Speeding up matrix multiplication with a subset of matrix's rows

kernelmethod · July 24, 2019, 5:19am

Hi all,

Pretty straightforward – I’d like to write some code that performs a matvec between a matrix A and a vector x, except I know ahead of time that I don’t need all of the rows of A. In other words, instead of performing A*x, I only really need to compute A[rows,:] * x.

In practice, though, the former is much, much faster to compute than the latter:

julia> using BenchmarkTools

julia> W = randn(256, 256);

julia> rows = findall(randn(256) .≥ 0);  # random subset of ≈ 1/2 of the rows of W

julia> @benchmark W*x setup=(x=randn(256))
BenchmarkTools.Trial: 
  memory estimate:  2.13 KiB
  allocs estimate:  1
  --------------
  minimum time:     7.619 μs (0.00% GC)
  median time:      9.685 μs (0.00% GC)
  mean time:        17.447 μs (35.49% GC)
  maximum time:     62.014 ms (99.85% GC)
  --------------
  samples:          10000
  evals/sample:     1

julia> @benchmark W[rows,:]*x setup=(x=randn(256))
BenchmarkTools.Trial: 
  memory estimate:  267.28 KiB
  allocs estimate:  5
  --------------
  minimum time:     86.810 μs (0.00% GC)
  median time:      98.906 μs (0.00% GC)
  mean time:        118.478 μs (9.77% GC)
  maximum time:     62.002 ms (99.51% GC)
  --------------
  samples:          10000
  evals/sample:     1

julia> @benchmark view(W,rows,:)*x setup=(x=randn(256))  # Try using view to avoid copying data?
BenchmarkTools.Trial: 
  memory estimate:  1.25 KiB
  allocs estimate:  4
  --------------
  minimum time:     118.659 μs (0.00% GC)
  median time:      124.240 μs (0.00% GC)
  mean time:        127.680 μs (0.72% GC)
  maximum time:     9.343 ms (98.37% GC)
  --------------
  samples:          10000
  evals/sample:     1

julia> @benchmark(  # Try @inbounds?
           begin
               @inbounds W[rows,:]*x
           end,
           setup=(x=randn(256))
       )
BenchmarkTools.Trial: 
  memory estimate:  271.28 KiB
  allocs estimate:  5
  --------------
  minimum time:     94.149 μs (0.00% GC)
  median time:      97.437 μs (0.00% GC)
  mean time:        115.970 μs (9.84% GC)
  maximum time:     61.165 ms (99.49% GC)
  --------------
  samples:          10000
  evals/sample:     1

Unfortunately, for my application I can’t simply store W[rows,:] in a variable since rows changes frequently.

I’ve tried other things to speed this computation up, e.g. storing V = Matrix(W') and performing V[:,rows]' * x instead of W[rows,:] * x so that I’m indexing into columns rather than rows, and this gives a decent speedup:

julia> V = Matrix(W')

julia> @benchmark W[rows,:]*x setup=(x=randn(256))
BenchmarkTools.Trial: 
  memory estimate:  271.28 KiB
  allocs estimate:  5
  --------------
  minimum time:     81.037 μs (0.00% GC)
  median time:      100.251 μs (0.00% GC)
  mean time:        117.961 μs (10.63% GC)
  maximum time:     62.720 ms (99.51% GC)
  --------------
  samples:          10000
  evals/sample:     1

julia> @benchmark V[:,rows]'*x setup=(x=randn(256))
BenchmarkTools.Trial: 
  memory estimate:  271.34 KiB
  allocs estimate:  8
  --------------
  minimum time:     47.782 μs (0.00% GC)
  median time:      64.861 μs (0.00% GC)
  mean time:        82.015 μs (15.47% GC)
  maximum time:     62.494 ms (99.56% GC)
  --------------
  samples:          10000
  evals/sample:     1

Still, it’s way slower than computing W*x.

Does anybody have any suggestions for how to speed up this computation?
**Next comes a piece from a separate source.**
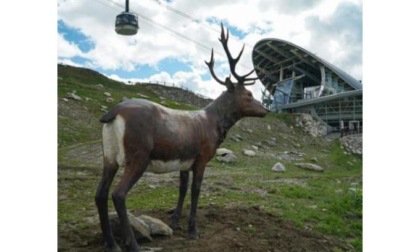 Gli animali di Siro Viérin alla Skyway “Un inizio di stagione positivo”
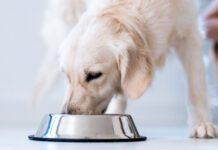 Beef and Brown Rice Homemade Dog Food Recipe Nutritionally complete homemade dog food can keep your dog in excellent health for a fraction of the cost of raw and other premium brands.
I would greatly appreciate any input you can provide!

Thanks!

dkarrasch · July 24, 2019, 8:07am

The reason is that you’re including the runtime of the matrix creation W[rows,:] in the measurement. If you do

@benchmark $(W[rows, :]) * x setup=(x=randn(256))

then you get the runtime for pure multiplication, which is smaller than W * x. Anyway, in your code, you do have the matrix generation effort, so it’s probably relevant. In that case, as you have done, you should consider using views. Unfortunately, matrix multiplication falls back to the generic one, which is much slower, because view(W, rows, :) is not a StridedArray anymore, and matrix multiplication is no longer performed by BLAS. It seems like there is a trade-off between saving the allocation for W[rows,:] by views on the one hand, and the speed of matrix multiplication on the other hand.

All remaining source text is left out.